# Toronto Neighborhood Data Project

## Scope of the Project

The idea is to follow a similar neighborhood clustering analysis that we performed for Manhattan (in the NYC_Neighborhood_Segmentation notebook). However, there are a few challenges we need to address.

The neighborhood data for New York was provided in an easily accessible json file for us to use.

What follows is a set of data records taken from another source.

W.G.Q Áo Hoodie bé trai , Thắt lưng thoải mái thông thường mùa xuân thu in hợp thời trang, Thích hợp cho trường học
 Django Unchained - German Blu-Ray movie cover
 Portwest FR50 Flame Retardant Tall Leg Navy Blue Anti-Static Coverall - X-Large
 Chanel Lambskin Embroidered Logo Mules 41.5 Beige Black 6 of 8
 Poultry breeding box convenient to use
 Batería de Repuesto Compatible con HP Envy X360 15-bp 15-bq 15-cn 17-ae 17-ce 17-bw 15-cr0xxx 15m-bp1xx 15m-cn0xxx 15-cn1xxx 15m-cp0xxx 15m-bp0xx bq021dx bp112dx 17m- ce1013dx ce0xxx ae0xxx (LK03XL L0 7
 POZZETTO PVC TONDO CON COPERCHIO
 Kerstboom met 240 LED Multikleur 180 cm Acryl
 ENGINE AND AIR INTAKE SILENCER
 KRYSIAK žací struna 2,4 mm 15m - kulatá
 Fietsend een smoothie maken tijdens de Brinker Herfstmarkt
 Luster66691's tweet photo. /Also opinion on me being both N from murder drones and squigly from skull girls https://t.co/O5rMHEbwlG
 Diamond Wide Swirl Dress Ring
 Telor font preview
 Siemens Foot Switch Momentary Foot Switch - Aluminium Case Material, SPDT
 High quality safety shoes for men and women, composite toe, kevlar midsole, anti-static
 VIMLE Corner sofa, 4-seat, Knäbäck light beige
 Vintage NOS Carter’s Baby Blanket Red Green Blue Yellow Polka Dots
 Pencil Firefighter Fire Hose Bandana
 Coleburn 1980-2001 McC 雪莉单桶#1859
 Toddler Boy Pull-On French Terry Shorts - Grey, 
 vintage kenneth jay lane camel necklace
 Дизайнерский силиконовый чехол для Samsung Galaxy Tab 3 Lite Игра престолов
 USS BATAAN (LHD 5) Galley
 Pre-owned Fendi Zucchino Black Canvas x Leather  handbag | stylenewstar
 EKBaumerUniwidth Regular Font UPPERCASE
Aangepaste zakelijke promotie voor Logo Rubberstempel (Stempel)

In this case we will be using Beautiful Soup to scrape the Toronto neighborhood data from Wikipedia.  Additionally, since we are scraping web data to get our neighborhoods, there will be a lot more data cleaning and formatting work that we need to do before we can start any sort of analysis.

### Assignment #1 - Data Scraping

Here we use the Beautiful Soup library to get data from web pages (in particular, Wikipedia pages on Toronto).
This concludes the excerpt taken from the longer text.